Andrew Malcolm at Investors Business Daily has an interesting column on whether those who are telling pollsters they intend to vote for the president really are going to do so. The vast majority of them surely will, of course. But politics, like baseball, is a game of inches. If only two percent of those saying they will vote for Obama go into the voting booth and vote for Romney instead, that’s a four-percent shift, turning a comfortable 52-48 win into a 48-52 loss. If they simply stay home, that turns 52-48 into 50-50.

There are numerous signs the Obama campaign is very, very worried. His fundraising has not been the money machine it was in 2008, despite Obama’s burning out the engines of Air Force One going, hat in hand, from one group of fat cats to another.

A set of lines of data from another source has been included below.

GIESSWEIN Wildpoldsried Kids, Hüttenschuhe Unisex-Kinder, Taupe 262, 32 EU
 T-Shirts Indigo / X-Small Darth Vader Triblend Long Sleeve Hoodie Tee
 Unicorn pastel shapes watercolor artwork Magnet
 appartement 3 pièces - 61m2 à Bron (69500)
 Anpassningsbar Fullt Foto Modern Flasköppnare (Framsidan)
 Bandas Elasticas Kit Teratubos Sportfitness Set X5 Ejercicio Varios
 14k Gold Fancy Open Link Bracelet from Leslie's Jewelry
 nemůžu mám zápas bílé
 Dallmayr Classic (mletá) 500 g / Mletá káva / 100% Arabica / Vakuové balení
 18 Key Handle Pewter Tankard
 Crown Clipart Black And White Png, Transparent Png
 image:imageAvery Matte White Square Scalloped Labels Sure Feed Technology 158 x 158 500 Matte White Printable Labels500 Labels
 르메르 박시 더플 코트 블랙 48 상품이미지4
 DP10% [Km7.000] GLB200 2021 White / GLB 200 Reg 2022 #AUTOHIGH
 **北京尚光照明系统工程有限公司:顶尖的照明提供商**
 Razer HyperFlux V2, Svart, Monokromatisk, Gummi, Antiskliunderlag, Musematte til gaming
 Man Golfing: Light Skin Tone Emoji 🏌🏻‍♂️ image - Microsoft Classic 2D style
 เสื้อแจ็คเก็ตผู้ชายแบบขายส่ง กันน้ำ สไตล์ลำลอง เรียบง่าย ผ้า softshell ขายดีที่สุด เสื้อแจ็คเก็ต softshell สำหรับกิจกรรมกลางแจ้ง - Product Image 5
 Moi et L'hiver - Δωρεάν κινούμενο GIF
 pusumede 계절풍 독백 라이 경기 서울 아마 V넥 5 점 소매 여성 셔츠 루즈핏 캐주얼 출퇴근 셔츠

He is running through the money he does raise at a furious pace, mostly running negative ads in toss-up states. He is trying to shore up his base rather than reaching out to the center as he would if his base were secure. That doesn’t bear much resemblance to Ronald Reagan’s “It’s Morning in America” campaign of 1984, does it? There are even those who say Wall Street’s recent climb, despite very gloomy economic news, is due to a growing conviction on the Street that Obama is toast.

And yet pollsters all have the race tight as a tick, as Karl Rove terms it. What’s going on?

I think what I call the Dinkins effect is in operation. David Dinkins was the Democratic nominee for mayor of New York in 1989, having defeated three-term incumbent Ed Koch in the primary. His Republican opponent was Rudy Giuliani. The polls all showed Dinkins well ahead, but he won the race only narrowly. In 1993, there was the same match-up. The polls all showed Dinkins (who had a lousy record as mayor) as narrowly ahead. Giuliani won in a walk. The reason the polls were so wrong, I think, was because Dinkins is black and some people were simply unwilling to say, even to a pollster, they were voting against the black guy. Racism is nearly extinct in this country, but the fear of being thought racist is pervasive, and the willingness of some people on the left to play the race card apparent.

Could that be why President Obama has high ratings in polls asking about his “likeability”? My dislike of his politics probably clouds my judgment somewhat, but I don’t find him likeable at all. He’s arrogant, often mean-spirited, sometimes downright nasty. He avoids taking responsibility for failure but takes all the credit for success. He doesn’t have much of a sense of humor that I can see. He’s, well, chilly. I don’t like Bill Clinton’s politics much either, but I’m sure I’d have a great time having dinner with him some night. He may be left-of-center and more than a bit of a scoundrel in his personal life, but likeable he most certainly is. Obama, simply, is not.

Also, of course, a lot of people might be unwilling to admit they think they were sold a bills of goods in 2008 by a political flim-flam man. No one likes to admit they were cheated. So they say they’re voting for Obama but then won’t.

I’d certainly advise the Romney campaign to ignore all this speculation. No one ever lost a political race because they assumed they were ten points behind and acted accordingly.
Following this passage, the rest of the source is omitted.